Yeah, I agree that we should not be re-writing a commit-graph entry that
already exists in an earlier (non-removed) layer of the commit-graph.
I haven't thought through all of the details here, but that sounds like
a potentially dangerous thing to be doing.

> So that fixes the regression in the least-risky way possible.

Thanks for the detailed explanation. I think that the fix presented here
is a reasonable approach, and is worthwhile to pick up.

> I do think there's some fragility here that we might want to follow up
> on. We have a global commit_graph_data_slab that contains graph
> positions, and our global commit structs depend on the that slab
> remaining valid. But close_commit_graph() is just about closing _one_
> object store's graph. So it's dangerous to call that function and clear
> the slab without also throwing away any "struct commit" we might have
> parsed that depends on it.

I definitely agree that there seems like a high risk of another
potentially-dangerous bug happening as a result of this area.
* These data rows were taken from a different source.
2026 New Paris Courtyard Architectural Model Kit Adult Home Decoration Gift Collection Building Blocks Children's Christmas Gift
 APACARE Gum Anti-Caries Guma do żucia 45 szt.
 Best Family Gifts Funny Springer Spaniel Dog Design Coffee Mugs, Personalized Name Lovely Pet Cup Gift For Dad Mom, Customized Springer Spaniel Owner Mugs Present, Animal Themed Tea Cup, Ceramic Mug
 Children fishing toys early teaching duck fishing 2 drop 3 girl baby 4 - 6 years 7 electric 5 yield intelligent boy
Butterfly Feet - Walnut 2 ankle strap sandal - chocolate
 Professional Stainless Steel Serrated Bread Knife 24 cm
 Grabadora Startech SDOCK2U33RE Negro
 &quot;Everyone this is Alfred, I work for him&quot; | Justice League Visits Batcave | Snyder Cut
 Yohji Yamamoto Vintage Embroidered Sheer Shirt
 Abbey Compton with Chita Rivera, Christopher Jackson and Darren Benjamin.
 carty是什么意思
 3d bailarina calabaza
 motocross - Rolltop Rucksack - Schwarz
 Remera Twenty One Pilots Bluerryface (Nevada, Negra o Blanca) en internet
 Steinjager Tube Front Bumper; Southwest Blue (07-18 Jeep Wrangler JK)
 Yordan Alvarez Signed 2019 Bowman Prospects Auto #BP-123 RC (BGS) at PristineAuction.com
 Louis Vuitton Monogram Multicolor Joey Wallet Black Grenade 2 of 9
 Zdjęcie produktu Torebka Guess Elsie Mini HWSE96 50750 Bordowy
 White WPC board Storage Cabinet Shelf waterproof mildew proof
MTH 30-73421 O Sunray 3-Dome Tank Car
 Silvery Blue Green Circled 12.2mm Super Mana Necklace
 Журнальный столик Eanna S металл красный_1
One thing that sticks out to me is that we have a scope mismatch
between the commit structs, the raw_object_store, and the commit slabs.
Slabs are tied to the lifetime of the raw_object_store, but the commit
objects are tied to the global lifetime of the process. I wonder if it
would make sense to have a slab per object-store, and require that you
pass both the commit *and* the object-store you're looking it up in as
arguments to any slab-related functions.

I dunno. I have not put a ton of thought into that ^^ approach either,
so let me know if it seems obviously bogus to you or if this is worth
looking into further.

Thanks,
Taylor